Greetings. I would like some advice on how to make my bonus room more comfortable. As you can see in the second pic, there is a large space between the bonus room floor and the insulation which is resting on the garage ceiling. 
I have gained access to one side of the room by adding a kneewall door. As of yet, I have not addressed the other side, which has 2 dormers. 

My plan is to try to blow in insulation and add blocking between the I joists. I'm wondering if I should remove the current insulation batts before I use the blow in, or if I should blow in above the batts. I've also seen where companies drill holes in the garage ceiling and add insulation that way. I'm open to any suggestions. 

Also, is there anything special I should know about adding blocking between the I joists? I thought I would find some fairly thick foam and cut it to cover the space between the I joists. I've seen some pictures where this has been done using spray foam. Would caulking be superior to foam? 

The next part of the puzzle is how to attack the walls. I've noticed the new houses around me are being built with 2x6" knee walls for r-19 insulation. I considered nailing some 2x2's to the studs and using r-19. I'm not sure this would be cost effective though. I also need to sheath the back of the walls. Any suggestions on what to use there? I would like to add some r-value if possible. I have read where there are issues with creating a double vapor barrier. The current r-13 insulation has a paper backing facing the bonus room. I'm also at a bit of a loss on the best way to handle the top of the knee walls since there is no top plate and the studs are nailed to the rafters. 

Below are some pics of the issues. Any and all suggestions would be greatly appreciated. 

Thanks





They just curled the insulation up to try to block the air flow


Back side of knee wall. R-13 which is working it's way out of the stud cavity



access door I installed


Attic above bonus room



Top of knee wall



The 2x10's are still part of the bonus room, but they are over the laundry room / hall / hall closet. I have a nice hump in the floor at the transition from the 2 x 10's to the I joists, but that is a good subject for another thread / project.


----------



## Windows on Wash (Aug 30, 2011)

Where is the home located? 

You are mostly on the right track.


----------



## 99ls1tj (Jun 6, 2016)

Windows on Wash said:


> Where is the home located?
> 
> You are mostly on the right track.


Good question, I should have included that.

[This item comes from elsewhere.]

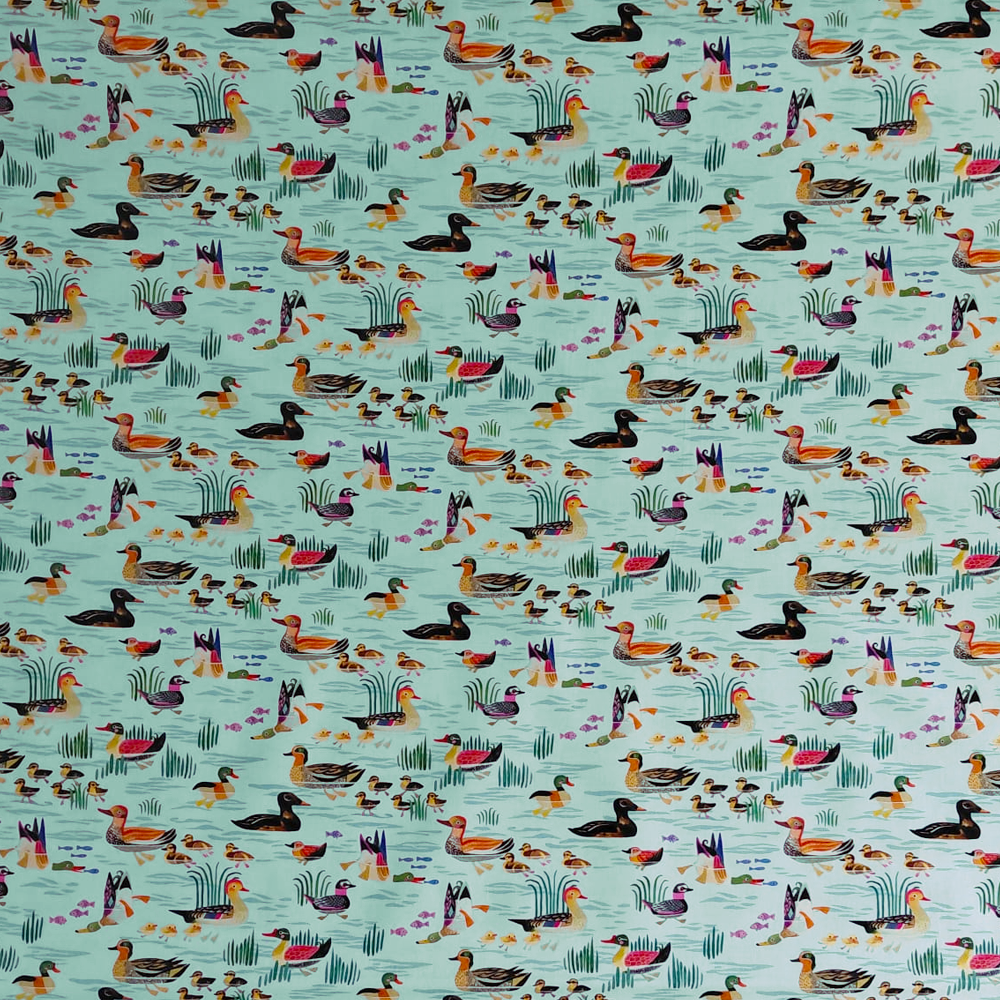 Get your ducks in a row de Miriam Bos pour Dear Stella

Home is located just North of Atlanta, Ga.


----------



## Windows on Wash (Aug 30, 2011)

99ls1tj said:


> Good question, I should have included that.
> 
> Home is located just North of Atlanta, Ga.

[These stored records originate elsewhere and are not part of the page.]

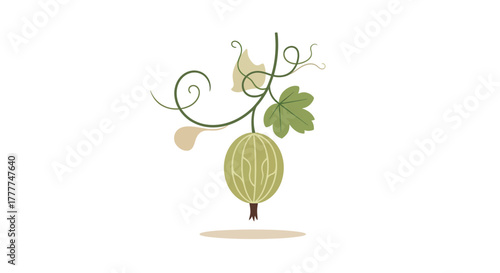 Minimalist Illustration of a Single Gooseberry Fruit and Foliage Against a White Background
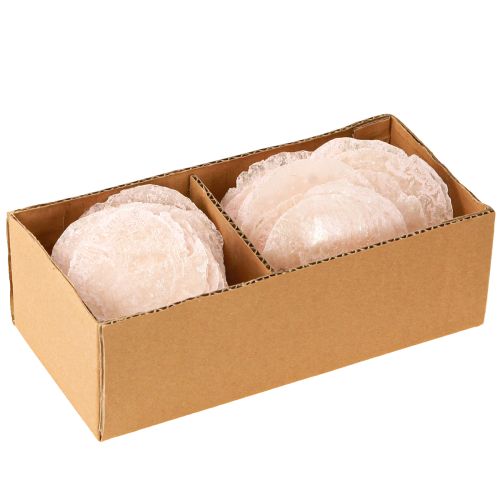 Floristik24 Capiz shells mother-of-pearl discs deco shells light pink Ø8cm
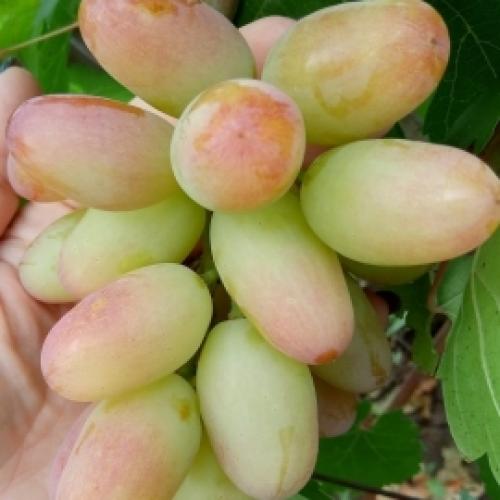 Каталог винограда. Каталог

Based on your location, you don't need any barrier and if anything, it would be located to the outside wall to keep the warm, moisture laden summer air from pushing in. 

http://buildingscience.com/documents/digests/bsd-106-understanding-vapor-barriers

Best way to handle the knee wall would be with some foil faced poly-iso foam across the framing. Combination of the radiant barrier and uncoupling of the framing from the warm attic air should work well. 

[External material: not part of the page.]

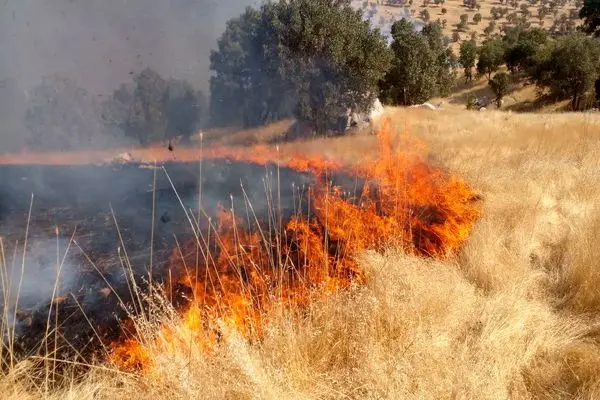 آتش پس چر مزارع، دامان جنگل های چگنی را گرفت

I am not to worried about the vapor trap in this case as you won't be generating too much moisture in the bonus room and the kraft paper is probably poorly fit. If you are concerned about it, you could remove the insulation and install some mineral wool (roxul) that is un-faced. 

In terms of the floor joist cavities, just installing some blockers and air sealing them will allow that air to function as an insulation layer and give you much better performance out of the assembly. I wouldn't go cutting holes in the ceiling or try to fill it as is.


----------



## Gary in WA (Mar 11, 2009)

So the link shows no foil-faced foamboard except in really cold climates, warm climate- Atlanta- Zone 3; no faced foam, only unfaced according to the link. You don't need a vapor retarder next to drywall per your location, no faced insulation- only latex paint as per link. "I am not to worried about the vapor trap in this case as you won't be generating too much moisture in the bonus room and the kraft paper is probably poorly fit."------- link also showed difference between air barrier and vapor barrier, perhaps you are confusing the two- vapor barrier is 95% effective if 95% there, slits/gaps only effect an air barrier. 

Be sure to close-off the top of wall to the rafters or you will get outside moist air in your cavity trying to get out; with foil- you limit drying to interior only (50%), as per link. Remove the asphalt facing and caulk the drywall/stud joints to stop room air entering stud cavity with your 3000 HDD, caulk between bottom plate/subfloor, add the unfaced FG back in, caulk edges of studs/plates before adding unfaced foam board so it has 100% chance to dry either way, as per link. Optimum job; seal the edges of foam with furnace tape/mastic as it does shrink with age. Add some spacer blocking to staple a radiant barrier too, so any moisture can get out if it ever gets in "flow-through" assembly as per link. Probably need an ignition barrier on the foam if using for storage, check local AHJ.

Gary


----------